The saving grace and it’s a genuine one is draft capital. Three first-round picks give Cleveland rare leverage to attack multiple problems at once. But the hierarchy matters enormously here. Don’t tell yourself a receiver fixes this before protection does; the Browns’ quarterback problem is inseparable from the fact that whoever plays the position spends the entire game running for his life.
Jonah Williams at tackle, a WR like Luther Burden III or Jordyn Tyson at No. 6, and a bridge QB like Malik Willis under Todd Monken is a rational stack. The A.J. Brown trade idea No. 6 plus a mid-rounder to Philadelphia is the kind of swing that makes front offices famous or fired. If Sanders develops behind it, Cleveland might have something by 2028.
That’s not a headline. That’s a timeline. And this franchise has earned distrust of its own timelines.
Jets
Garrett Wilson is one of the best young receivers in football. He caught passes from a 36-year-old journeyman in 2025. Let that sentence breathe for a second.

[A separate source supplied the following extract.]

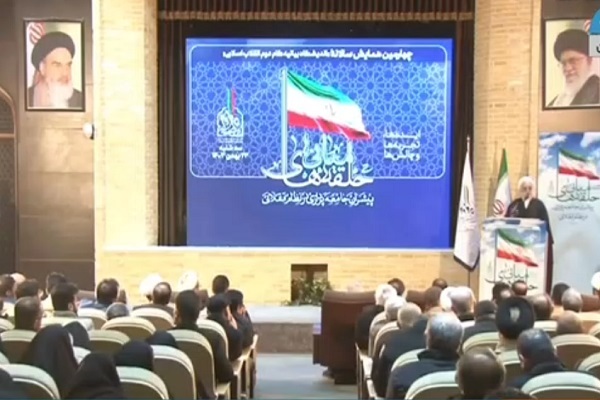 امام (ره) جهان دوقطبی را به سه‌قطبی تبدیل کرد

Justin Fields got benched by November. Tyrod Taylor took over and steadied a ship that had no destination. Beyond Wilson, the receiver room was so thin, it was transparent; the tight end group might as well have been invisible. And yet structurally, financially the Jets have real ammunition. Two first-round picks. Cap space in the $79 million range. The question is whether they spend it wisely or panic-spend it, which is historically the Jets’ specialty.

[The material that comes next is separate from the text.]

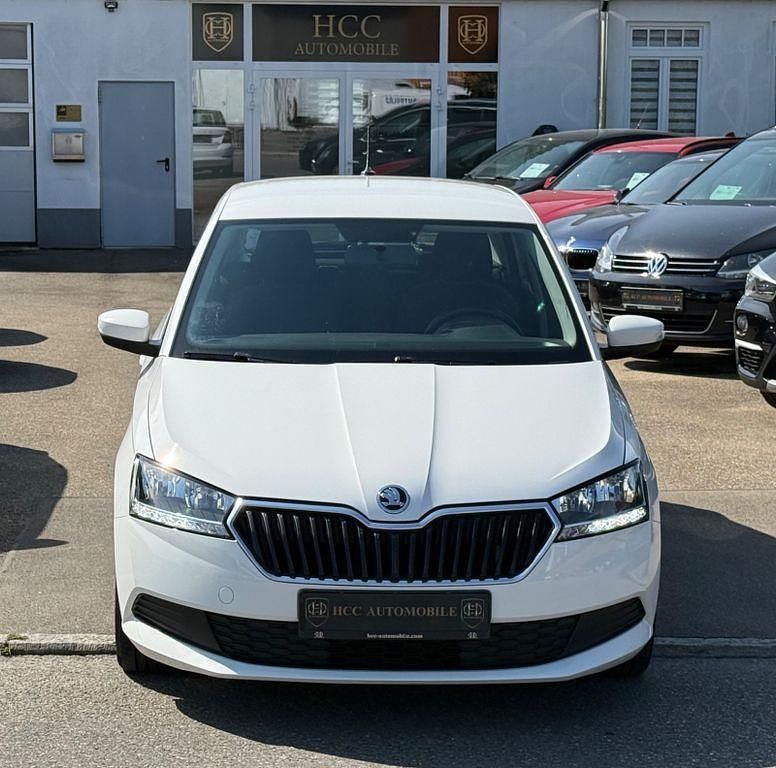 Bila candy/candyweiss Gebraucht 2021 Skoda Fabia Cool Plus Limousine | 9.999 € (Guter Preis) - Bild 1/4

The Kyler Murray trade target is the story within the story. A proposed package of a fourth, a fifth, and a conditional third for a former Heisman winner and number one overall pick is almost insultingly cheap and the fact that it might be enough tells you exactly how the league views Murray’s injury history and limitations right now. But here’s the thing: the Jets don’t have a better option.
Garrett Nussmeier from LSU is the legitimate alternative if that deal collapses; Romeo Doubs alongside Wilson in free agency adds credibility to a passing offense that desperately needs it. Without a franchise quarterback locked in before training camp opens, none of the rest of it matters.
Conclusion
The 2026 offseason represents a crossroads for several struggling NFL offenses. Teams like the Raiders, Browns, and Jets have resources 4 draft picks, cap space, and young talent but resources don’t guarantee success. The difference between a fast turnaround and another failed rebuild comes down to discipline, patience, and prioritizing fundamentals. Get the quarterback protected, establish a functional supporting cast, and build with purpose. Miss on those steps, and the cycle simply starts again.
FAQs
Why do these offenses need full rebuilds?
Because their problems are foundational weak protection, unstable quarterbacks, and limited weapons.
Does having cap space fix everything?
No. Smart decisions matter more than fast spending.
How long does a rebuild usually take?
Around 2–3 seasons if done correctly.